Eric Deschavanne : Arnaud Beltrame n'est pas un martyr, puisqu'il ne voulait pas mourir, ni ne voulait faire de sa mort la preuve de la transcendance, de la supériorité, de la valeur ou du sens de la cause qu'il servait. Il peut être considéré comme un héros, mais il s'agit d'un héros "assagi", non du héros classique des sociétés guerrières qui cherche dans le combat la mort glorieuse qui témoigne de sa noblesse, c'est-à-dire de la supériorité de sa nature. Il a incarné le courage tel qu'Aristote le définit : un juste milieu entre témérité et précaution, le risque calculé du sacrifice fondé sur l'examen rationnel de la réalité du danger et des chances de réussite. Il est notre héros, précisément parce nous savons qu'il ne voulait pas mourir, qu'il a pris un risque mesuré, dans un cadre professionnel au service des autres. Il aimait la vie et voulait vivre, ce qui fait tout le prix de son sacrifice. Si le sacrifice est difficile à appliquer, c'est précisément parce qu'il s'agit d'un sacrifice, lequel doit demeurer un dernier recours, une situation-limite. Le sacrifice n'est plus pour nous, fort heureusement, une fin en soi qui donne sens à la vie et à la mort.

Les actes terroristes comme celui de Mickaël Harpon ou, sans que l'acte ait conduit à la mort, celui de Claude Sinké, peuvent-ils nous indiquer que ce n'est plus pour une cause qu'on se sacrifie, mais en raison d'une forme de perte de repères qui conduit à ce qu'on pourrait appeler un nihilisme ? 

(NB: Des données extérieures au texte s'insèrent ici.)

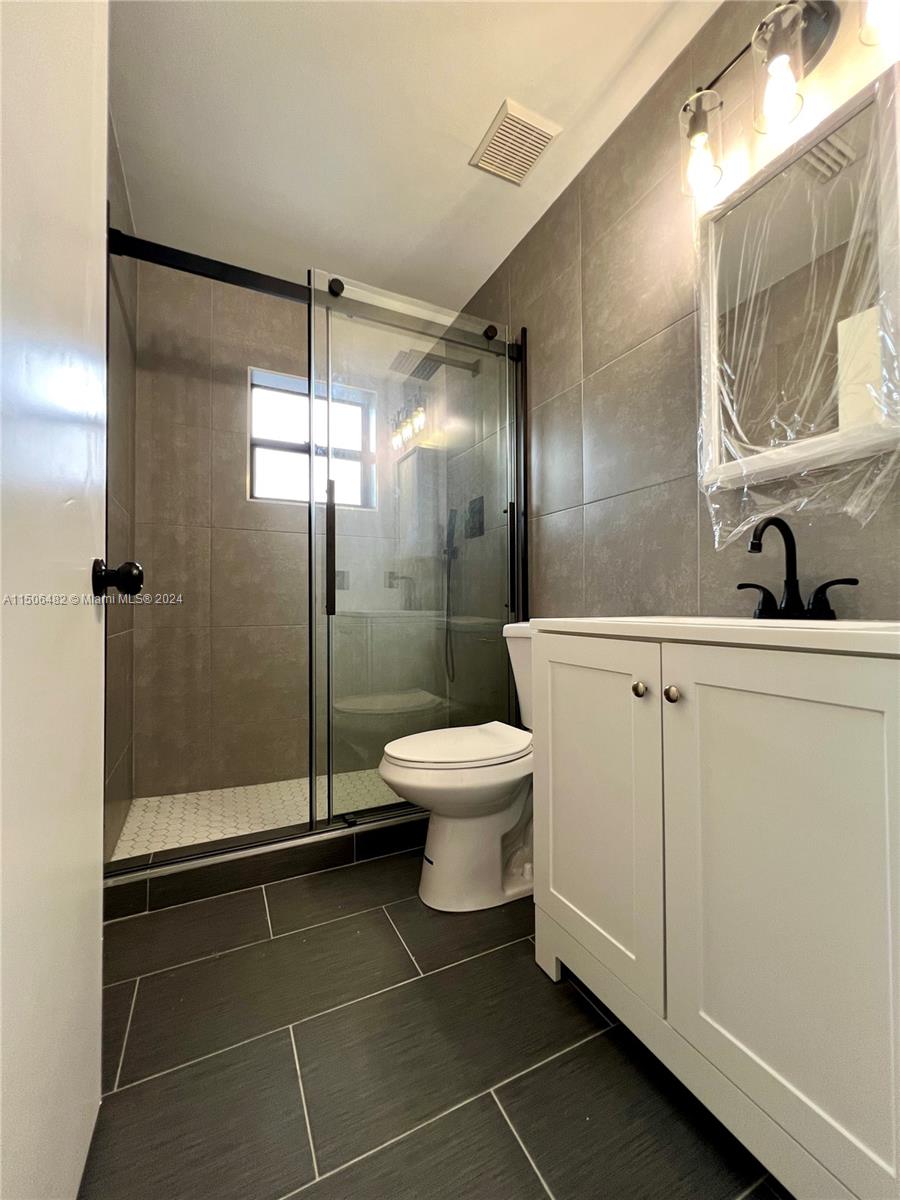 6034 Triphammer Road Lake Worth, FL 33463 - Photo 8 of 10 a bathroom with a toilet a sink and glass door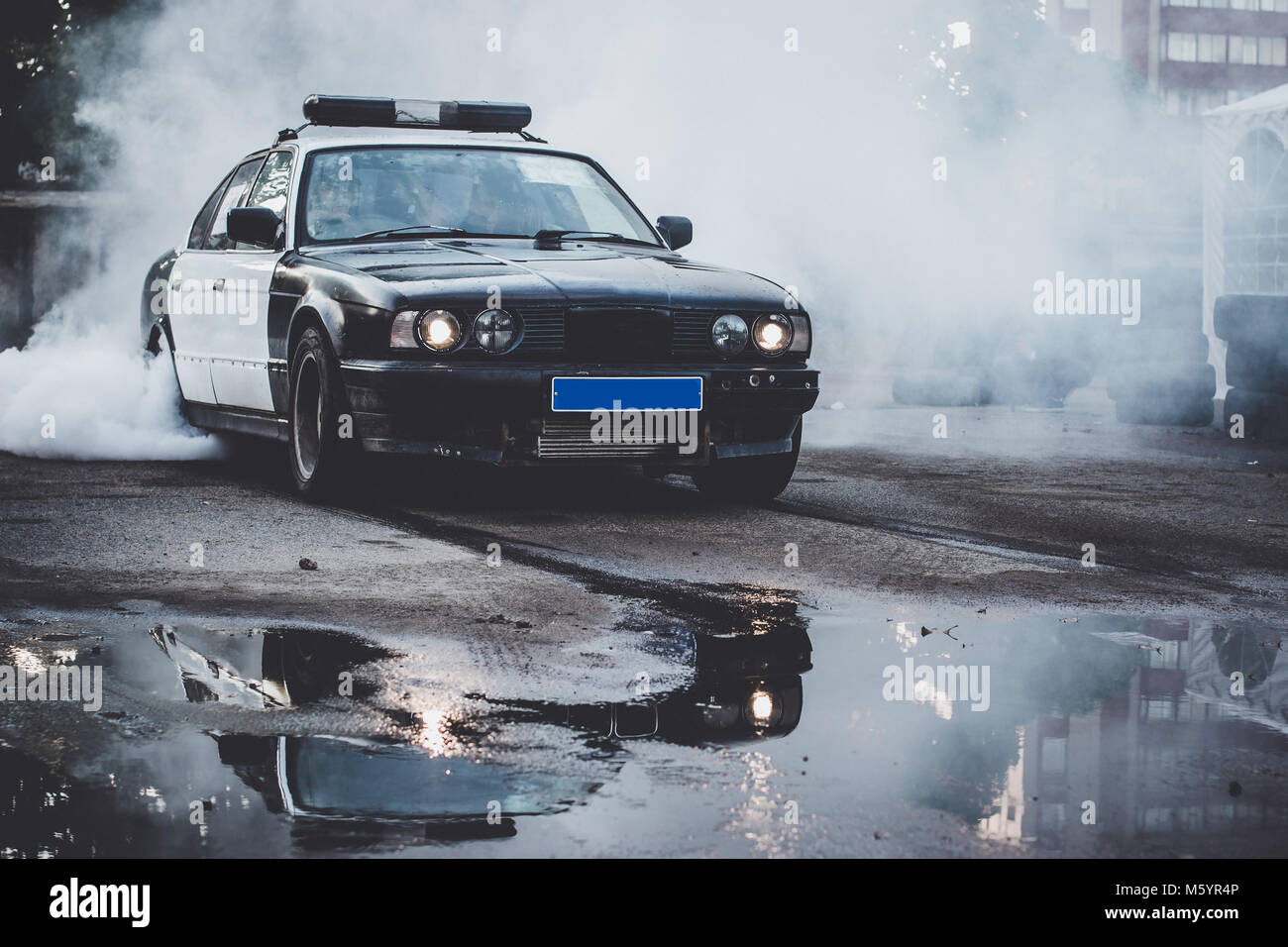 Police car on drift racing motorsport. German driftcar burning tires on asphalt in drift-show. Speed, drive and active sport Stock Photo
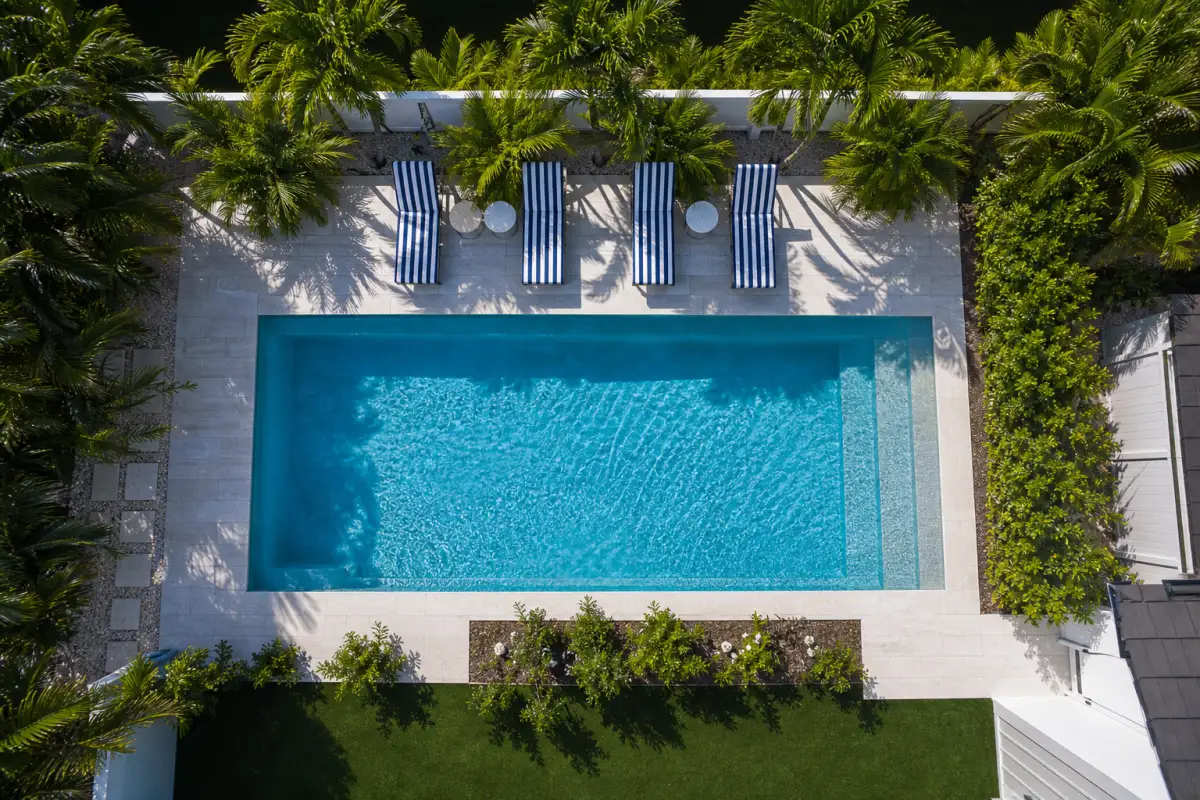 Aerial view of pool with striped loungers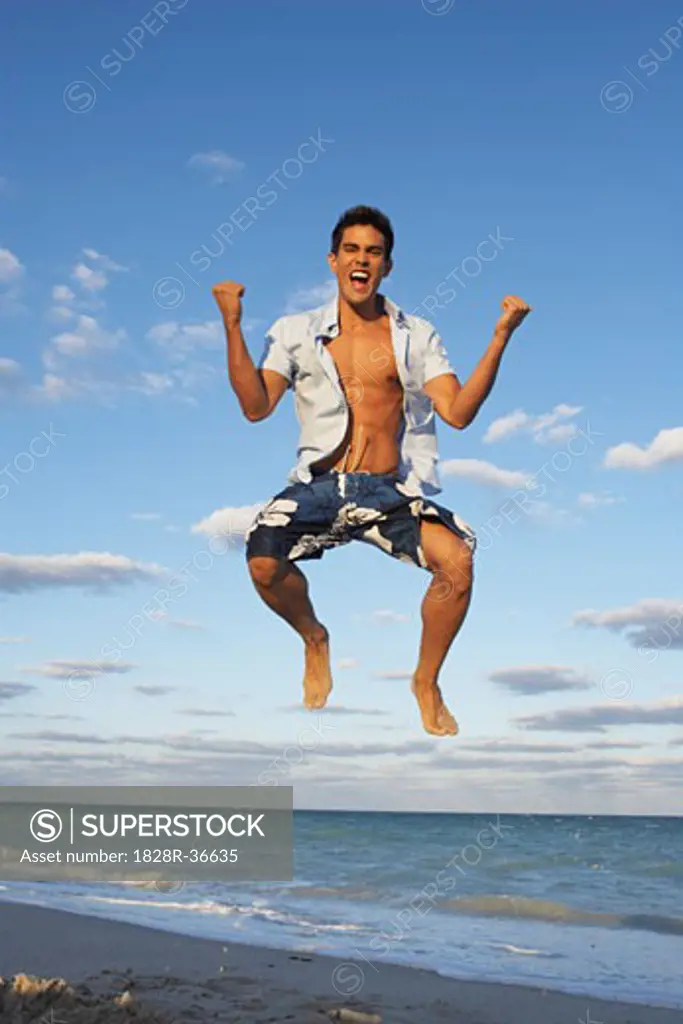 Man Jumping on the Beach   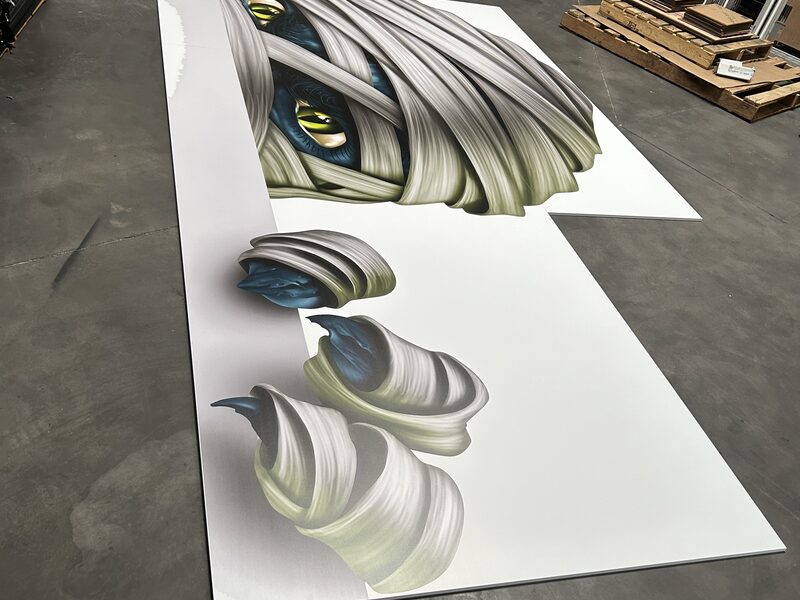Large eye and hair illustrations printed across sheets on the production floor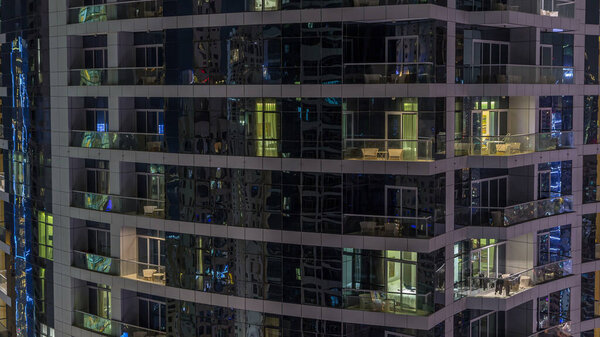 Glowing windows of skyscrapers at evening timelapse. View of modern residential high-rise buildings in Dubai marina. People moving inside apartments. Aerial top view.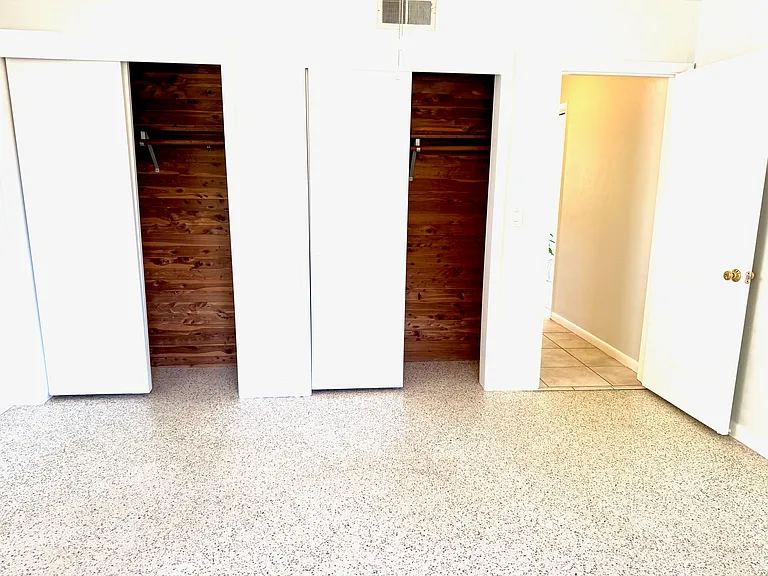 Bedroom #1 with two double cedar closets. Terazzo floors.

Eric Deschavanne : Tuer et se faire tuer pour des idées apparaît en effet aujourd'hui comme une forme de pathologie, de nihilisme au sens nietzschéen, c'est-à-dire de négation de la vie. Ces actes sont l'oeuvre de ratés de la société individualiste, animés par un ressentiment qui trouve un débouché dans l'adhésion à une cause idéologique ou/et religieuse qui permet de donner à un sens à une vie qui, à leurs propres yeux, n'en a pas. Cela ne signifie pas que de tels actes n'aient pas de sens politique. Ils s'inscrivent bien entendu dans l'air du temps et peuvent être rattachés à des idéologies qui nourrissent par ailleurs des projets politiques sérieux. Il me semble cependant qu'ils ont avant tout pour leurs auteurs un sens existentiel : on a affaire à des individus qui n'ont pas su trouver d'autres moyens que la destruction pour se sentir exister.